Il primo maggio del 1999 a Torino, rifacendosi senza pudore alcuno a quella tradizione, sindacati confederali e sinistra di governo sfilano in piazza per santificare il lavoro, il capitale, e la guerra umanitaria che stanno promuovendo insieme agli assassini della NATO. Il dissenso della piazza sfocia immediatamente in incidenti che si protrarranno tutta la mattinata, al termine della quale la CGIL comunica pubblicamente la sua gratitudine e complicità con le forze dell'ordine per aver saputo così bene far sparire il dissenso dalla piazza, garantendo in tal moda il regolare svolgimento della loro impostura democratica. Per tutta risposta un paio di bottiglie incendiarie si schiantano contro la sua sede.
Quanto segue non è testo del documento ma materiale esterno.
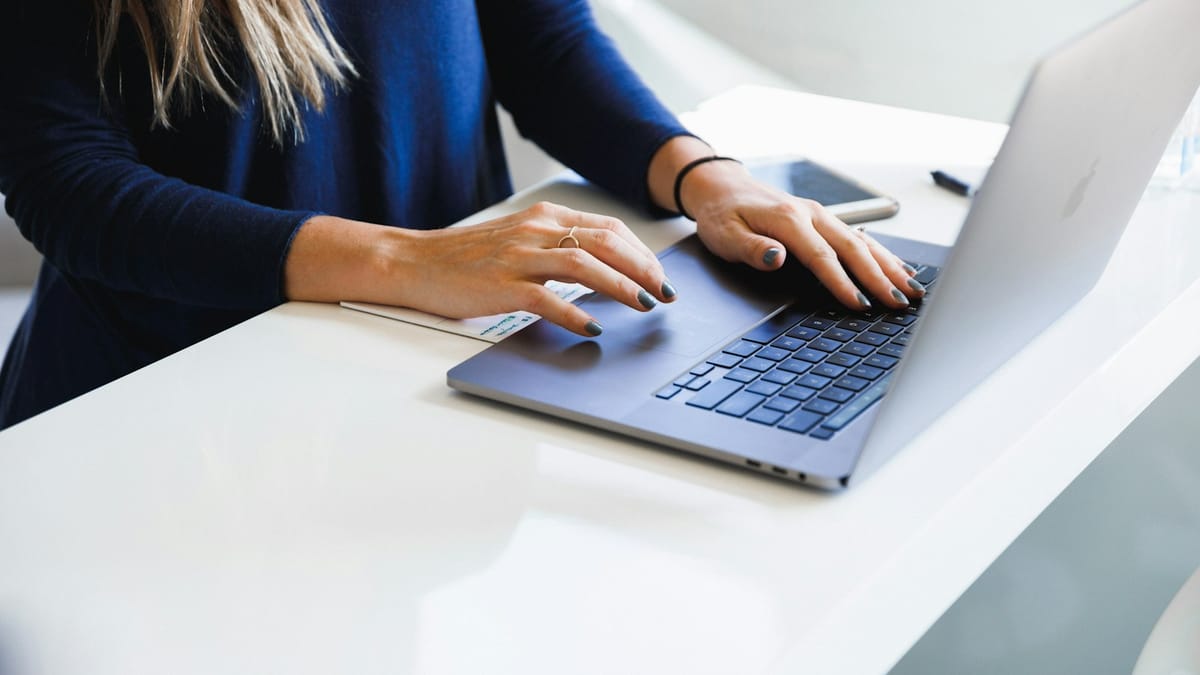 Woman writing on a laptop at a bright desk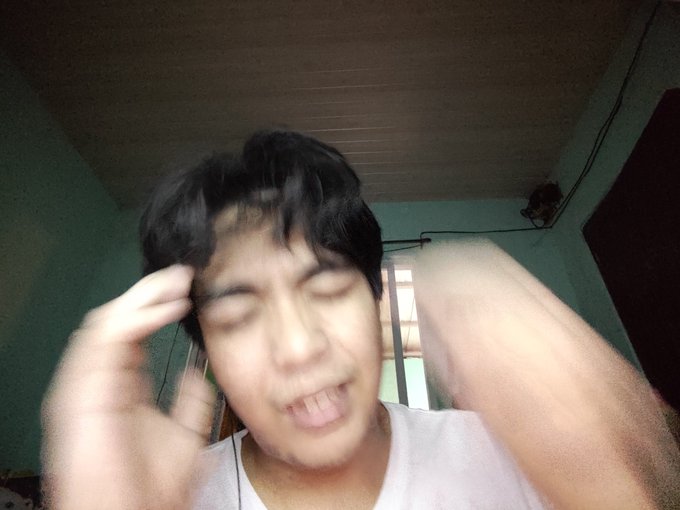 A blurry selfie of a young man with closed eyes and an open mouth, making a hand gesture near his head while wearing a white tank top in a room with green walls.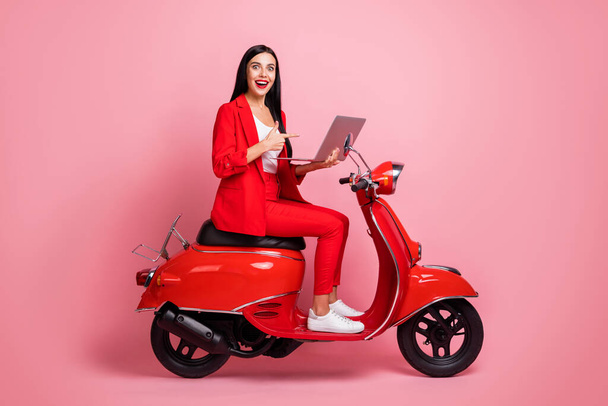Full body profile side photo of young girl indicate finger laptop promo select suggest sit scooter isolated over pink color background - Φωτογραφία, εικόνα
L'indignazione è alle stelle. La CGIL condanna l'attentato subdolamente definendolo squadrista, condanna fermamente la violenza di ogni tipo - tranne quella della NATO e della polizia - e invita tutta la società civile a stringersi intorno al sindacato, baluardo dei diritti e della democrazia, contro chiunque ne metta in forse l'intoccabilità. È proprio nel corso di questa campagna vittimistica e patetica, intorno al 15 maggio, che compare sui muri di Torino il manifesto del quale mi si accusa essere autore e diffusore, manifesto la cui grave colpa è quella di sostenere in maniera limpida ciò che la CGIL ha sempre sostenuto in maniera torbida e bugiarda.
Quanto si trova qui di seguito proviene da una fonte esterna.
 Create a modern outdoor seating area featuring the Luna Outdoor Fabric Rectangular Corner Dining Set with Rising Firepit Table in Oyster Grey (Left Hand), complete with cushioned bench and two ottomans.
Cosa che, in questi tempi di menzogna, turba.
Il nervosismo che tale manifesto ha suscitato nei burocrati del sindacato - oltre al fatto stesso che io mi trovi a doverne rispondere in Tribunale - non è forse infatti la manifestazione inequivocabile del risentimento di una cattiva coscienza? Non è forse il sintomo di una vergogna resa solamente più vergognosa dal fatto di essere stata denunciata pubblicamente? Cos'altro è se non il segnale della comprensibile angoscia di fronte al possibile scenario, sempre in agguato, di un risveglio della coscienza degli sfruttati dal torpore che ogni burocrate ha assunto il compito di sorvegliare in cambio della riconoscenza della classe proprietaria?
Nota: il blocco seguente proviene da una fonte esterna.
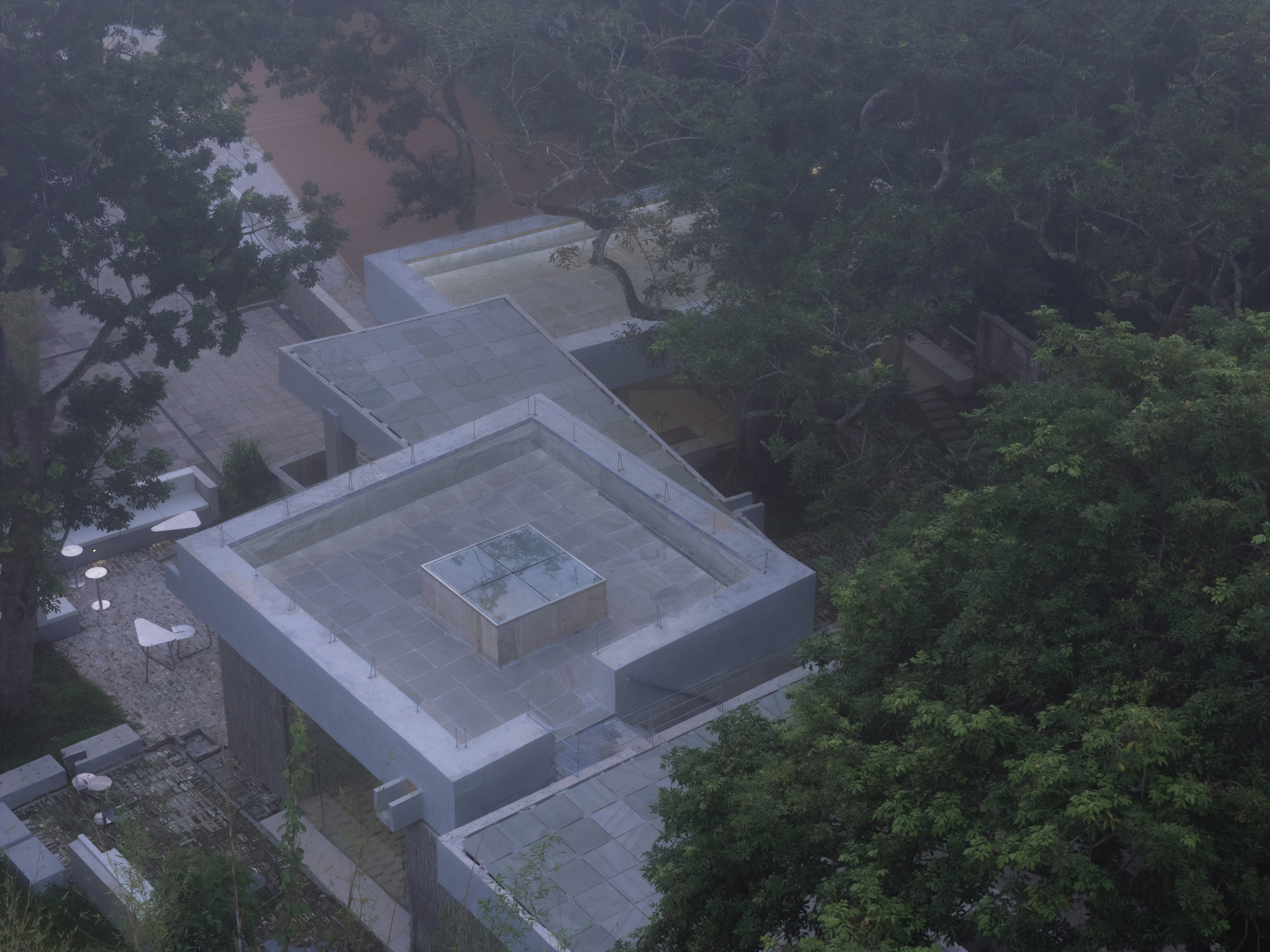 Aerial view of concentric square rooflines with central skylight in forested landscape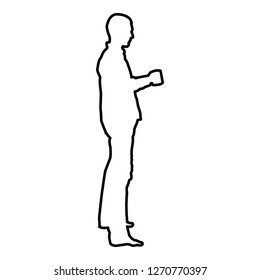 Man with mug standing icon black color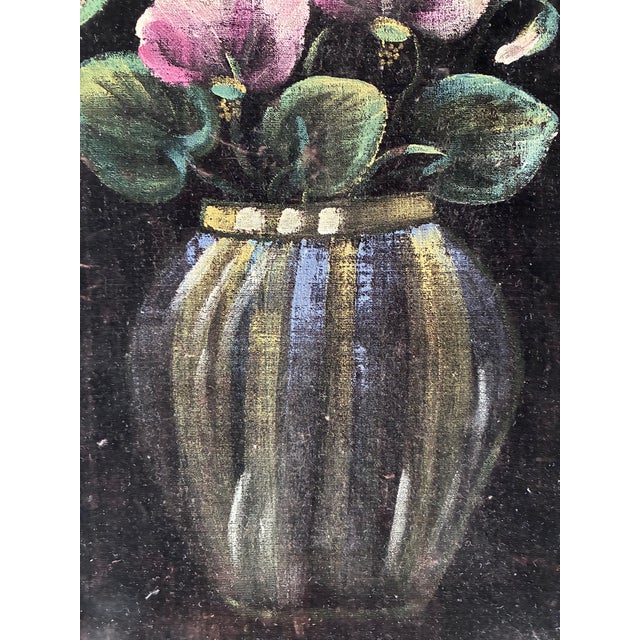 This vintage original painting is painted on velvet, showing pink flowers in a glass blue/yellow vase against a deep black...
Insomma signori, la verità fa male. Fa male a chi deve raccontare mille menzogne agli sfruttati per convincerli a continuare a lavorare, soprattutto quando di lavorare non c'è più alcun bisogno e tutti hanno imparato che il lavoro non rende affatto liberi, anzi. La verità fa paura, fa paura a chi sente pesare sul proprio futuro di burocrate il minaccioso proclama lanciato nel 1917 dagli insorti di Kronstadt contro ogni separazione e ogni autorità: "I lavoratori del mondo intero ci giudicheranno, il sangue degli innocenti ricadrà sulle teste di coloro che si sono ubriacati di potere".